EPM-RL: Reinforcement Learning for On-Premise Product Mapping in E-Commerce

Product mapping, the task of deciding whether two e-commerce listings refer to the same product, is a core problem for price monitoring and channel visibility. In real marketplaces, however, sellers frequently inject promotional keywords, platform-specific tags, and bundle descriptions into titles, causing the same product to appear under many different names. Recent LLM-based and multi-agent frameworks improve robustness and interpretability on such hard cases, but they often rely on expensive external APIs, repeated retrieval, and complex inference-time orchestration, making large-scale deployment costly and difficult in privacy-sensitive enterprise settings. To address these issues, we present EPM-RL, a reinforcement-learning-based framework for building an accurate and efficient on-premise e-commerce product mapping model. Our central idea is to distill high-cost agentic reasoning into a trainable in-house model. Starting from a curated set of product pairs with LLM-generated rationales and human verification, we first perform parameter-efficient fine-tuning (PEFT) on a small student model using structured reasoning outputs. We then further optimize the model with Reinforcement Learning (RL) using an agent-based reward that jointly evaluates output-format compliance, label correctness, reasoning--preference scores from specially designed judge models. Preliminary results show that EPM-RL consistently improves over PEFT-only training and offers a stronger quality--cost trade-off than commercial API-based baselines, while enabling private deployment and lower operational cost. These findings suggest that reinforcement learning can turn product mapping from a high-latency agentic pipeline into a scalable, inspectable, and production-ready in-house system.

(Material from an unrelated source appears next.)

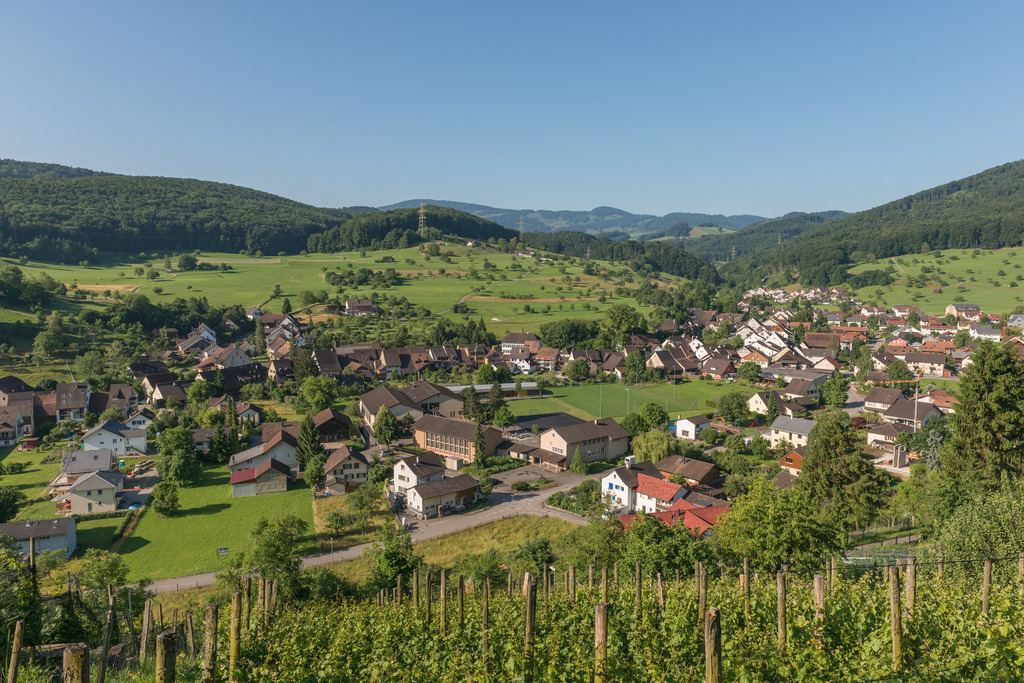 Ausblick vom Rebberg | in Ziefen, Baselland, Schweiz. - Realisiert mit Pictrs.com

翻译：产品匹配任务旨在判定两个电商商品列表是否指向同一产品，这是价格监控与渠道可见性领域的核心问题。然而在实际市场中，卖家常将促销关键词、平台专属标签及捆绑销售描述注入商品标题，导致同一产品以多种不同名称呈现。近期基于大语言模型和多智能体的框架虽然提升了此类困难案例的鲁棒性与可解释性，但过度依赖昂贵的外部API、重复检索及复杂推理时编排，使得在隐私敏感的企业场景中难以进行大规模部署且成本高昂。为解决上述问题，我们提出EPM-RL——一种基于强化学习的框架，用于构建精准高效的自有部署电商产品匹配模型。核心思想是将高成本的智能体推理过程蒸馏至可训练的内部模型。首先基于经大语言模型生成推理依据并经人工验证的精选产品对集合，利用结构化推理输出对小型学生模型进行参数高效微调；随后通过强化学习进一步优化模型，采用基于智能体的奖励机制，该奖励机制联合评估输出格式合规性、标签正确性以及经特制评判模型计算的推理偏好分值。初步结果显示，EPM-RL相较仅采用参数高效微调的方案持续提升性能，并在质量-成本权衡方面优于基于商业API的基准方法，同时支持私有化部署与更低运营成本。这些发现表明，强化学习有望将产品匹配从高延迟的智能体流程转变为可扩展、可审计且可直接投入生产的内部系统。